Speaker 1:At the same time, I'm thinking like well, in the long term, this other prefabricated chat GPD generated garbage will be dismissed, it will be forgotten, and the ones having like an authentic vision, solution, discourse and all of that, we will be highly esteemed. I would say, like we will be remembered. Right, yeah, we'll have detractors of course, many but it will be remembered because we are we're we're sharing original content. Yeah, not like stuff that it's framed to or design architected to kind of like fit in into algorithm but in two years it disappears because no one is going to like all of these bullet points with emojis and whatever like optimized for LinkedIn. It just doesn't resonate with anybody. Right, it's like nowadays you create stuff that creates outreach, it performs like. I tried a a few weeks ago. I did an experiment and within a couple weeks I posted three or four things out of my scope, but they created outrage, right? Yeah and uh, just to test the waters yeah and it went boom, it went massive right.
Speaker 1:And so now I'm starting to do some shit posting on LinkedIn, basically like ditching companies like Lobo and stuff like that, but it's just hitting massive scale. I'm like this is horrible. I mean it works to get my message out there. It's original content, don't get me wrong, but that's not what I want to be known for. Yeah Right, so you have these cognitive dissonance of like saying, saying like I really don't want to do that. At the same time, dopamine hits and the reach.
Speaker 2:Yeah.
Speaker 1:If you leave off exposure, you have to do it, so I understand why people sell out.
Speaker 2:Yeah, no, I still keep my rebellious mind. I'm like I'm going to stick with what I do. And then I don't care, but I don't want to follow the crowd here, and then I don't care, but I don't want to follow the crowd here.

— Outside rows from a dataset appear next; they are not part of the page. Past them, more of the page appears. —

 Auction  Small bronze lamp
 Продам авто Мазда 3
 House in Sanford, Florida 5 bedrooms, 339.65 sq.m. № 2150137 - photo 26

Speaker 1:I'm just going to continue, but it's difficult and it's tempting to go along with what everybody else does, but yeah, it is difficult because, like well, I mean, if you there's this saying in innovation right, that there is if you follow everybody else's or someone else's paths, you're never going to go somewhere new, right, yeah, and so I understand. At the same time, it works. So sometimes you got to do it to get from A to B, because in point B you will have more resources and if you are rebellious too early, maybe that will close all of the doors. So it's a compromise, it's a trade-off that is very complicated to solve.
Speaker 2:Yes, we only know if we meet again in a couple of years, and then we can look back and then say, well, did it work or not?
Speaker 1:Yeah, Well, I mean to your point, seeing like sometimes it just like it qualifies your clients right. I know like, for instance, we've been very political in certain things publicly as a company, and I know we're never going to work with certain companies because they will be like oh no, we don't want to work with them. Like 2017, when the Catalan independence process was going on, like we're super public about that, we're in favor, we're pro-Catalan independence, and we probably lost some potential clients At the same time, some companies were like we want to work with you guys.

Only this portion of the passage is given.